Rototilt Group AB
- Company type: Aktiebolag
- Industry: Excavator accessories, main product: tiltrotator
- Founded: 1963
- Headquarters: Vindeln, Västerbotten
- Key people: Anders Jonsson, CEO & Owner
- Revenue: approx 350 million SEK
- Number of employees: ca 130
- Website: www.rototilt.com

= Rototilt Group AB =

Rototilt Group AB is a technology company in Vindeln in Västerbotten, Sweden that manufactures tiltrotators to the construction industry.

==History==
Rototilt Group AB is a spin-out from Indexator, a family company purchased in 1973 by Allan Jonsson, who 10 years previously had founded crane manufacturer Cranab. The focus on tiltrotators began during Jonsson’s time.

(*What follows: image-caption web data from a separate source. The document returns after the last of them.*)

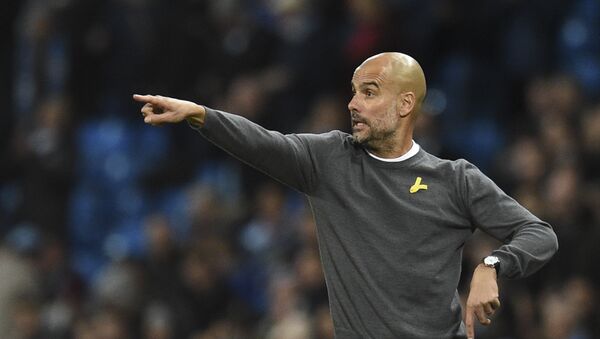 Pep Guardiola, entrenador catalán del Manchester City (archivo) - Sputnik Mundo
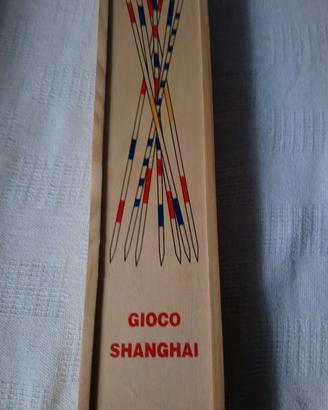 Gioco vintage da tavolo Shangai, scatola in legno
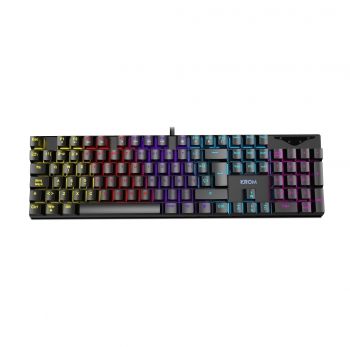 Teclado gaming krom kasic teclas retroiluminadas   negro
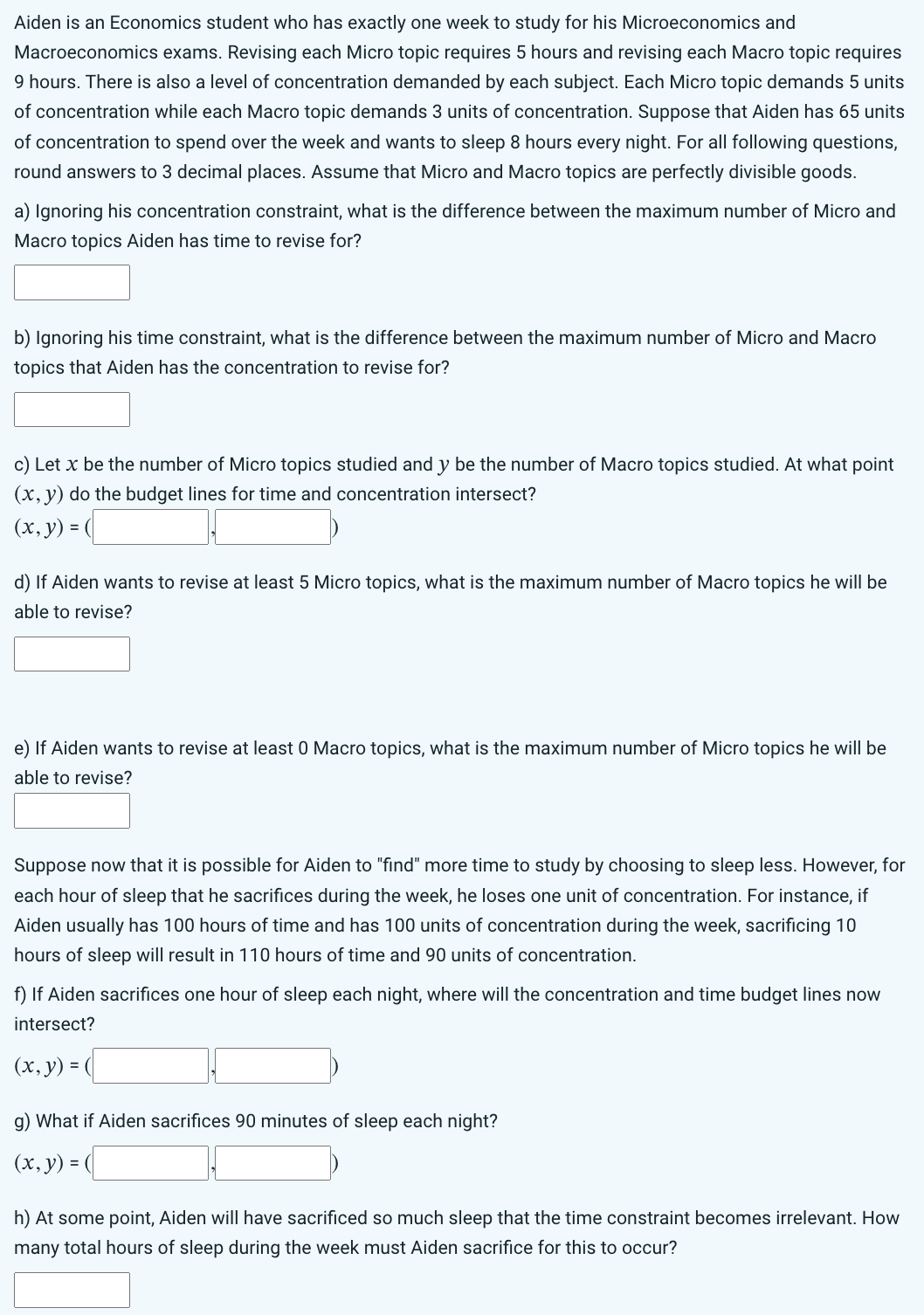 Solved Macroeconomics exams. Revising each Micro topic | Chegg.com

In 1992 he gained access to the tiltrotator product and the brand of Rototilt – developed by Noreco founded in the 1980s by the Norgren brothers – through acquisition of the bankrupt family company Noreco in Umeå. [1] Rototilt is a tiltrotator that makes excavation, rotation and tilting by the bucket (or other tool intended for excavators) possible in one single movement.

==Operation==
Around one third is produced for export, with the Nordic region as the principal market. The company and its subsidiaries in Germany, Finland and North America. All production takes place in the 6000 m^{2} factory in Vindeln opened in the fall of 2007. On March 2, 2015 the company changed its name to Rototilt Group AB.